= Activity =
Please give the listing again in full, leaving out its images.

= Raw data =
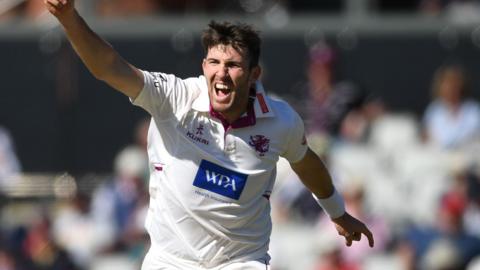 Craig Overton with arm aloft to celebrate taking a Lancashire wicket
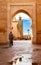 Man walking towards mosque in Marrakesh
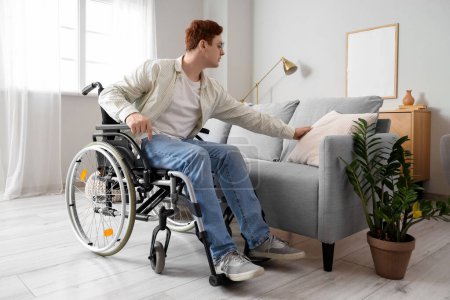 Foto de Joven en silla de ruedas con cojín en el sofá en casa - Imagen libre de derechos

= Exercise solution =
 Craig Overton with arm aloft to celebrate taking a Lancashire wicket
 Man walking towards mosque in Marrakesh
 Foto de Joven en silla de ruedas con cojín en el sofá en casa - Imagen libre de derechos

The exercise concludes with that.